Keep an eye out for unexpected trends
Many factors outside of a teacher’s control come into play that can influence student success. For example, students might be responsible for getting their younger siblings dressed and off to school before showing up to their own classes. Any troubles along the way could mean those students arrive to class late and miss a quiz. When teachers are aware of such issues, they can find ways to help students work around them. Rather than refusing to allow the student to make up the missed quiz, the teacher can make accommodations for the student. Sometimes, asking simple questions such as “Why do you arrive late every day?” can provide the information teachers need to make personalized adjustments.
Moreover, observant teachers keep their eyes open for patterns in student behavior and performance. For example, an English teacher evaluating test scores from the past few months may unexpectedly find data that shows students perform better if the test is on a Monday rather than a Friday. After polling students, the teacher may learn the students always take math tests on Fridays, which means they had to study for two tests the night before, cutting down on their time to prepare well for either one. With this data in hand, the teacher can coordinate exam days with colleagues.
Use a variety of data tools
Data-driven decision making in education has never been easier, with the advent of new technology. A variety of data tools, many of them free, can now reveal hidden patterns and insights or simply help teachers organize data and keep it accessible for analysis. Traditionally, the grade book has served as a teacher’s record-keeping tool. Today’s electronic grade books, however, offer bells and whistles such as individual and class statistics, the ability to attach standards to assignments—making it easier to assess a student’s level in core areas—and analysis of student accomplishments. Apps such as Geddit and Plicker provide formative assessments to teachers and give them instant feedback on student learning. Geddit allows students to “check in” throughout a class, and it then provides the teacher with immediate information about individual students. Plicket lets teachers instantly deliver and grade low-stakes assessments like exit tickets (an answered question or completed exercise students must hand in before leaving class) and mini quizzes, which saves time and provides useful data for planning differentiated instruction. Microsoft Excel, Google Forms, and Google Docs are also helpful for organizing and analyzing information about class performance year after year.

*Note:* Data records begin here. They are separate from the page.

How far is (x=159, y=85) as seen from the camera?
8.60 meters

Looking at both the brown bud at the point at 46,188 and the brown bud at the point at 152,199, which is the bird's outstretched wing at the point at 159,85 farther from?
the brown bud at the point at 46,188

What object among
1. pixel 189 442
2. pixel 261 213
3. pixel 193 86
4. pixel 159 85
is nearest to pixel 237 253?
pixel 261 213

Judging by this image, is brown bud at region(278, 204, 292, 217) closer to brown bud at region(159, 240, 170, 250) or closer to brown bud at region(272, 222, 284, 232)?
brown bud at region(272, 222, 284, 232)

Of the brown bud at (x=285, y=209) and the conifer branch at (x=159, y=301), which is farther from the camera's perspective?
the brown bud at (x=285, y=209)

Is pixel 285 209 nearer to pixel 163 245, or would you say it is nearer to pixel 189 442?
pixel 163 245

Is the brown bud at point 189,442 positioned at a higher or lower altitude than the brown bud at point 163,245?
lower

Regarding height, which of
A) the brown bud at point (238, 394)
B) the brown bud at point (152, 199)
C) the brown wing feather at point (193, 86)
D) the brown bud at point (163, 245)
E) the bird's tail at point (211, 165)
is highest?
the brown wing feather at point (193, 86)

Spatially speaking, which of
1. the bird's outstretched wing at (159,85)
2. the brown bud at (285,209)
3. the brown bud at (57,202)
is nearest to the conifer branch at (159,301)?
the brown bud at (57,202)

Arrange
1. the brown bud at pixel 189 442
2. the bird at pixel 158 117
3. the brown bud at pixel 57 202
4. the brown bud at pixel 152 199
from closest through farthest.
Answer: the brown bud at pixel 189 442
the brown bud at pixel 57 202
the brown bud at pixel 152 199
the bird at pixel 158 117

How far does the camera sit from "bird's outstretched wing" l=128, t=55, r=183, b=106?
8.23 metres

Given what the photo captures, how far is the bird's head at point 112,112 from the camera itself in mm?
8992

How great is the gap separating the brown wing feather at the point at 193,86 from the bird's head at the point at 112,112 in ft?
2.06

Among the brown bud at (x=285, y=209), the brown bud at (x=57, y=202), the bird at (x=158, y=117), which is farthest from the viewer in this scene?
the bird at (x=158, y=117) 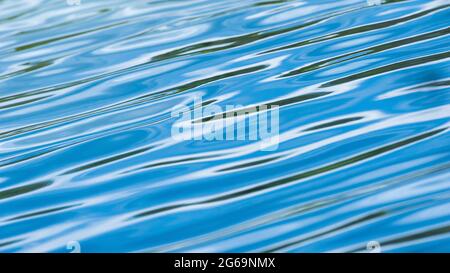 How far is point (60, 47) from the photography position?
358 centimetres

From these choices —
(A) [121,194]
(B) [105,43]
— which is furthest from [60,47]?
(A) [121,194]

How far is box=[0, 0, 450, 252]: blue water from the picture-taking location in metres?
2.12

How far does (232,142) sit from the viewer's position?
Result: 2.57m

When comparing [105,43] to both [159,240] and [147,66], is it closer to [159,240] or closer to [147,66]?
[147,66]

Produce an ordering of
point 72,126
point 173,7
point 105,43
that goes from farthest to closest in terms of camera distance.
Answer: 1. point 173,7
2. point 105,43
3. point 72,126

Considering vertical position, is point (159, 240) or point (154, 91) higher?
point (154, 91)

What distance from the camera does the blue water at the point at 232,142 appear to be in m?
2.12

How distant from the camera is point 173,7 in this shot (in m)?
3.95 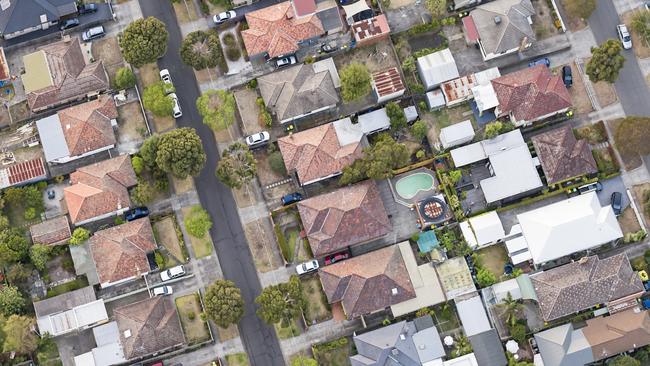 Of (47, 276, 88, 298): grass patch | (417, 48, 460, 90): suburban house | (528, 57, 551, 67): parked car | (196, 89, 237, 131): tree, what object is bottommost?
(47, 276, 88, 298): grass patch

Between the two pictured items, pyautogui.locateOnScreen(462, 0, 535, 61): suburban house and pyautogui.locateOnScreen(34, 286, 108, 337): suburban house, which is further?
pyautogui.locateOnScreen(462, 0, 535, 61): suburban house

Devise new lessons based on data
All types of data can help guide teachers in their lesson planning. Teachers must consider skill deficiencies; how many students are proficient, basic, or below basic; and what their specific students enjoy. For example, teachers may query their students at the beginning of the school year and throughout the semester about their favorite subjects and activities. Based on the responses, teachers can develop lessons that focus on the subjects students like best and incorporate their preferred learning activities into the curriculum.
Discover how to use data to improve student performance
Analysis of the right data allows teachers to identify contributors to student success and failure. Once those contributors are located, teachers can devise solutions to address them. For example, by analyzing a struggling student’s homework grades and test scores, a teacher may gather important insights about where a deficiency in understanding exists or, perhaps, which question formats pose challenges. Once such discoveries are made, a teacher can design exercises and activities for students in their trouble areas that help improve their performance.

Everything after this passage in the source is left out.